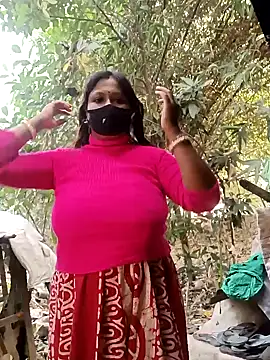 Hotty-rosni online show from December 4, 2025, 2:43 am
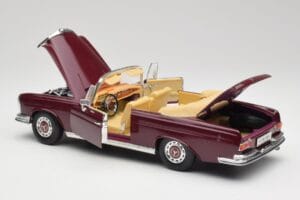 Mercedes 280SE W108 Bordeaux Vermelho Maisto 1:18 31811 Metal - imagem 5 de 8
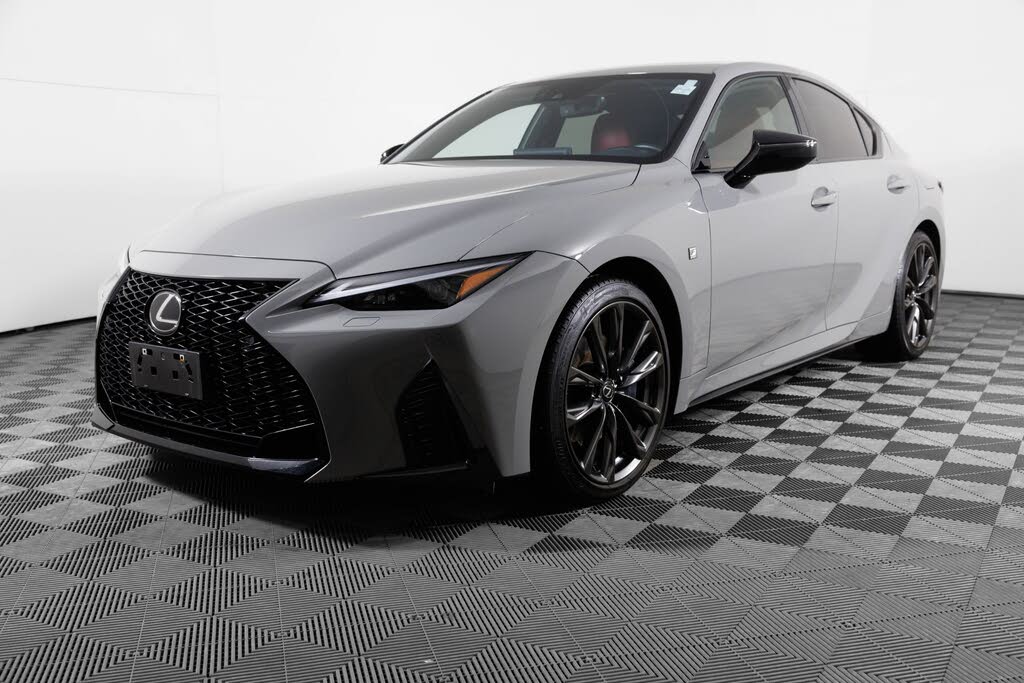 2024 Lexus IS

---

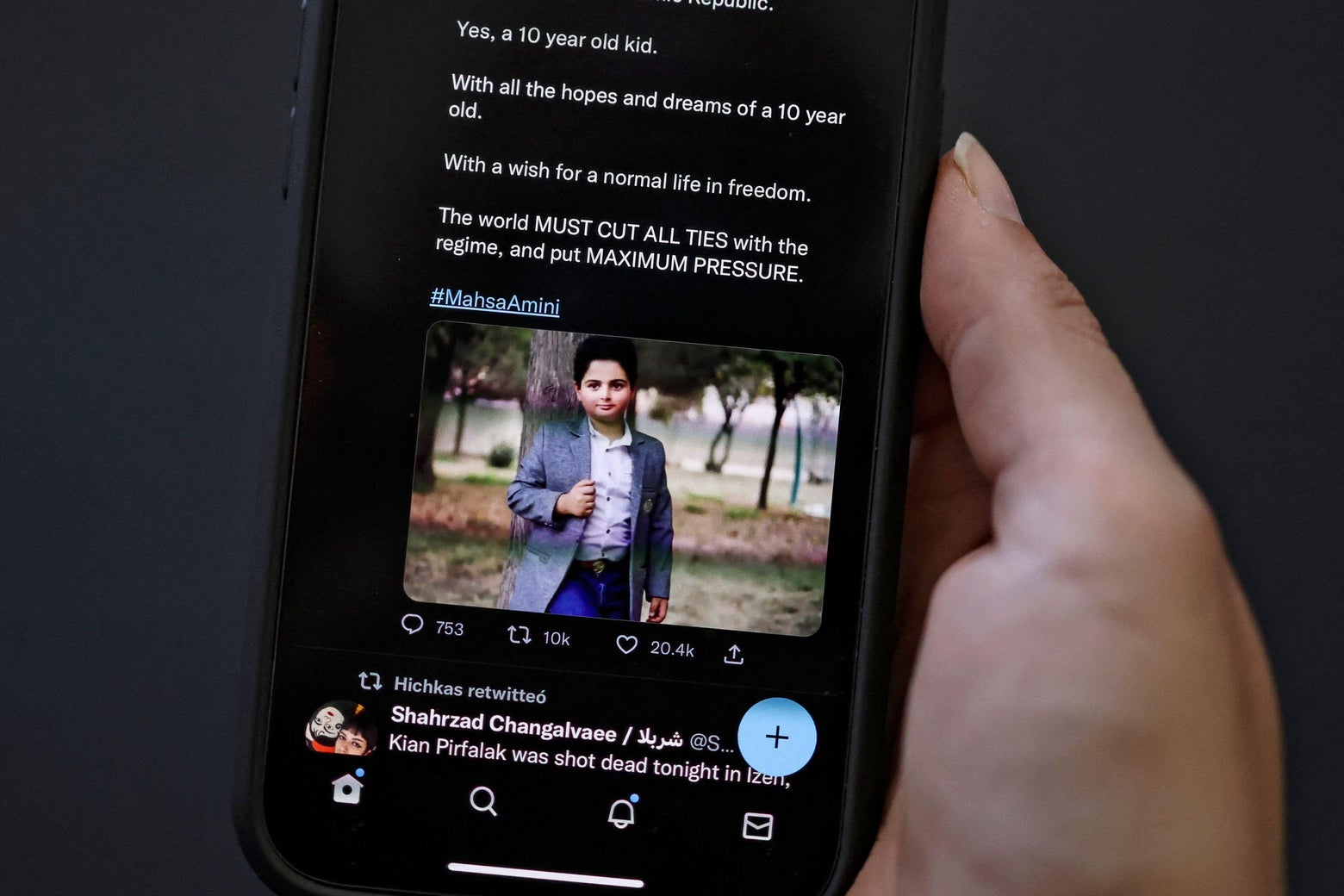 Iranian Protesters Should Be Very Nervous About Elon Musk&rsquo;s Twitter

---

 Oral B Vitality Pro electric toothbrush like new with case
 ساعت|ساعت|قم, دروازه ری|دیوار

_What needs to be done_
Working from the entries above, reproduce exactly and only the lines beginning with the line that has "Hotty-rosni online show" and ending with the line that has "2024 Lexus IS"; omit all pictures.

_Solution for this problem_
 Hotty-rosni online show from December 4, 2025, 2:43 am
 Mercedes 280SE W108 Bordeaux Vermelho Maisto 1:18 31811 Metal - imagem 5 de 8
 2024 Lexus IS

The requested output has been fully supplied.